Given the material below, output exactly the lines from the line with "diverse bottiglie di" to the line with "Un mural muestra", both ends included, and no other lines.

┌─ Record extracts

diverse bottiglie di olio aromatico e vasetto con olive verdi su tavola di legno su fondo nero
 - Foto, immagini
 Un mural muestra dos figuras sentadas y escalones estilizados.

└─
┌─ Record extracts

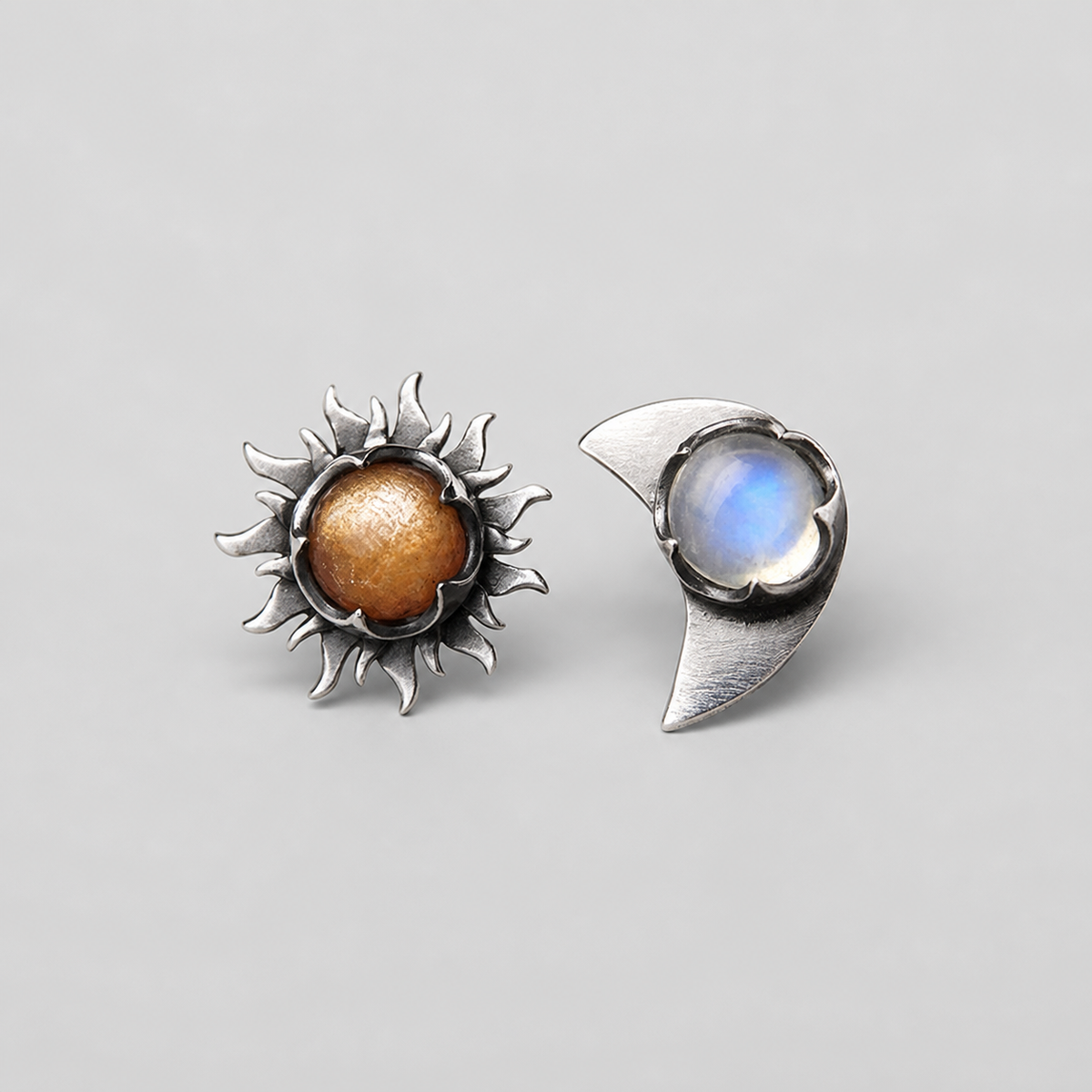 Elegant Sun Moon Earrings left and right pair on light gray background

└─
┌─ Record extracts

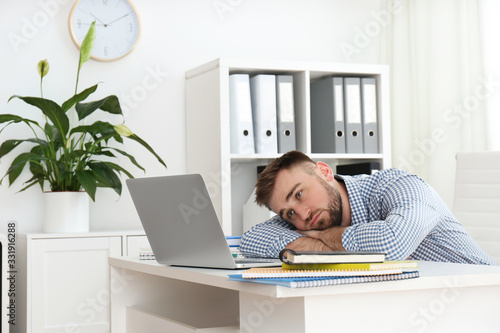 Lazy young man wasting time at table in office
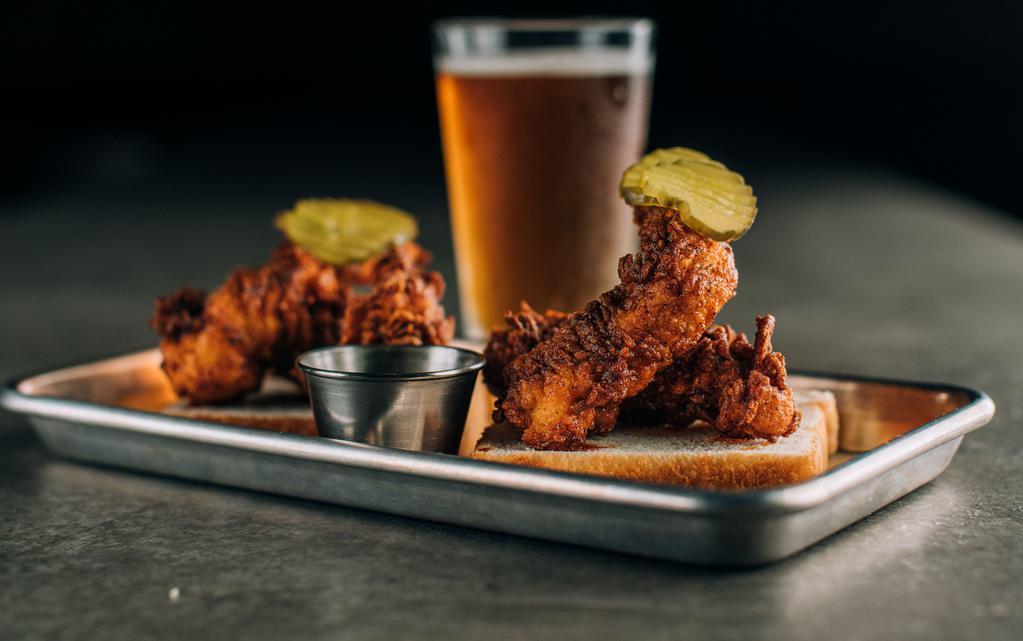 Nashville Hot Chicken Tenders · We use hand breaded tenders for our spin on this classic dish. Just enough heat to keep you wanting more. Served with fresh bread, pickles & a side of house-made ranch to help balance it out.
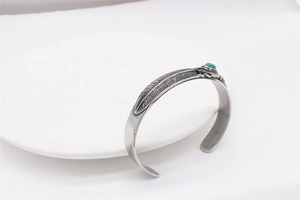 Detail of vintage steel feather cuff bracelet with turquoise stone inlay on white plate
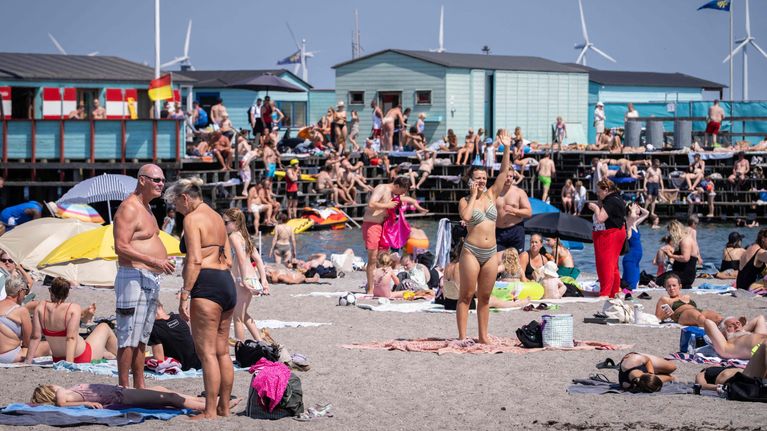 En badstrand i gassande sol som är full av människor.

└─

§ **Solution for this exercise**
diverse bottiglie di olio aromatico e vasetto con olive verdi su tavola di legno su fondo nero
 - Foto, immagini
 Un mural muestra dos figuras sentadas y escalones estilizados.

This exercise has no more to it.